De nos jours, certaines techniques sont fondées sur l'ADN (l'électrophorèse par exemple) qui permettent la mesure de la biodiversité et de la stabilité génétique. L’ADN révèle de nombreux marqueurs qui servent à distinguer les espèces et à estimer leur phylogénie (Avise, 1994 ; Moritz, 1994).

Selon Harris (1996), vers les années 1960, il y a eu utilisation des techniques pour tenter de mesurer la diversité génique, notamment celle d’enzyme soluble. Au premier abord, cette étude a été réalisable en immunologie, en particulier pour les cellules hématopoïétiques humaines afin d’estimer le degré de polymorphisme dans les séquences protéiques, par conséquent la possibilité de faire le transfert de séquence d’ADN.

3.2.2 Niveau d'organisation spécifique

Le niveau d’organisation spécifique correspond à la diversité des espèces. Une espèce, selon Mayr (1989), est une communauté reproductive de populations (reproductivement isolées d’autres communautés) qui occupe une niche particulière dans la nature. L’espèce est définie comme un ensemble de populations interfécondes. Elle possède un patrimoine commun ou

"pool" de gènes disponibles pour des recombinaisons à travers la reproduction sexuée. Dans une espèce, le "pool" génétique est enrichi via des interactions interraciales, entre races et populations, sub-spécifiques ou inter-populations.

3.2.3 Niveau d'organisation écosystémique

La diversité écosystémique désigne la diversité des écosystèmes présents sur notre planète.

Un écosystème désigne l'ensemble d'êtres vivants ou biocénose qui occupent un milieu ou

biotope ainsi que les relations entre ces êtres vivants eux-mêmes (coaction intra-spécifique et coaction interspécifique) et entre leur milieu de vie. C'est en 1935 qu'Arthur Tansley, écologue britannique, appelle écosystème, le système interactif qui s'établit entre la biocénose et le biotope. Selon la convention de Rio 1992, un écosystème désigne "le complexe dynamique formé de communautés de plantes, d'animaux et de micro-organismes et de leur environnement non vivant qui, par leur interaction, forment une unité fonctionnelle"

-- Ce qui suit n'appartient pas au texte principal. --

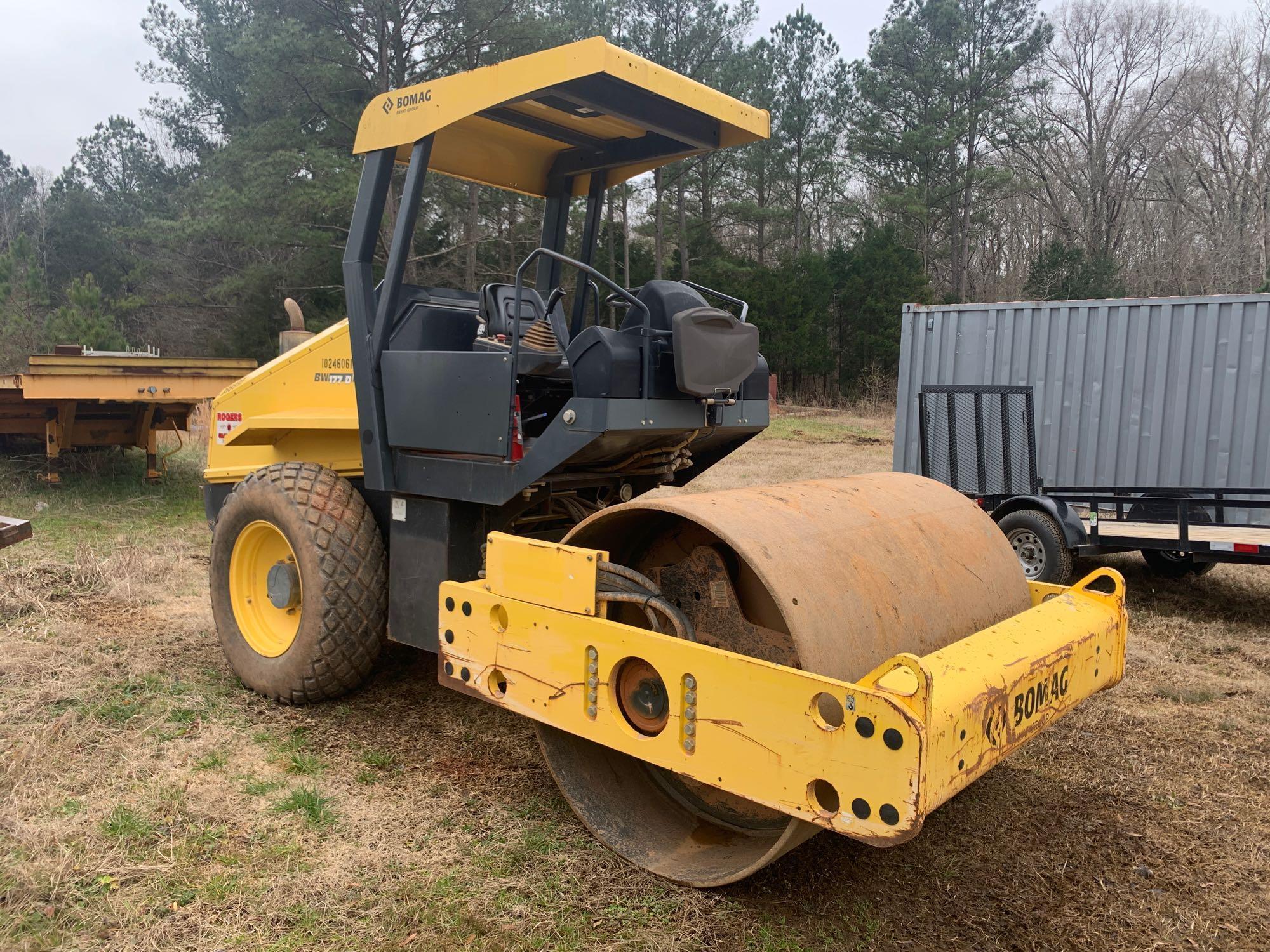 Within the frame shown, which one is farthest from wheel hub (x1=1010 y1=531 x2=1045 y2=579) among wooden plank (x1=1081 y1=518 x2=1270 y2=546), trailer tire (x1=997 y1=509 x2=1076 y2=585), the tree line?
the tree line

(Convention sur la biodiversité, 1992, article 2). Dans toutes les classifications proposées, les définitions soulignent une hiérarchisation des phénomènes biologiques en différents niveaux : gènes, espèces, écosystèmes. Cependant, de nombreuses définitions accordent de l’importance à cette organisation hiérarchique plus qu’à l'aspect relationnel entre ses différents niveaux de complexité.

Cette pluralité de définitions du terme biodiversité a conduit vers une évolution de la signification de ce terme. Ce concept ne désigne pas seulement la "variété de vie", mais aussi l’importance de cette variété, le danger encouru en cas de sa perte et la nécessité de sa préservation. En outre, la biodiversité n’est pas considérée, pour certains, comme un concept scientifique neutre, mais elle est perçue comme une "valeur". En effet, "in this wider arena, biodiversity is not a neutral scientific concept, biodiversity is perceived as a value (often an option value), or as having a value" (Gaston, 1996, p. 5).

Le discours sur la biodiversité cherche à construire une nouvelle vision qui permet de percevoir la biodiversité comme un concept à connotation sociale, économique et politique.

Cette perception de la biodiversité s’intéresse fondamentalement aux interactions entre l’homme et son milieu dans un contexte écologique, mais aussi socioculturel. "Ce thème a (…) un grand impact également dans les sciences humaines" (Hottois et al., 2001, p. 104), voire un "pont" entre sciences naturelles et sciences sociales.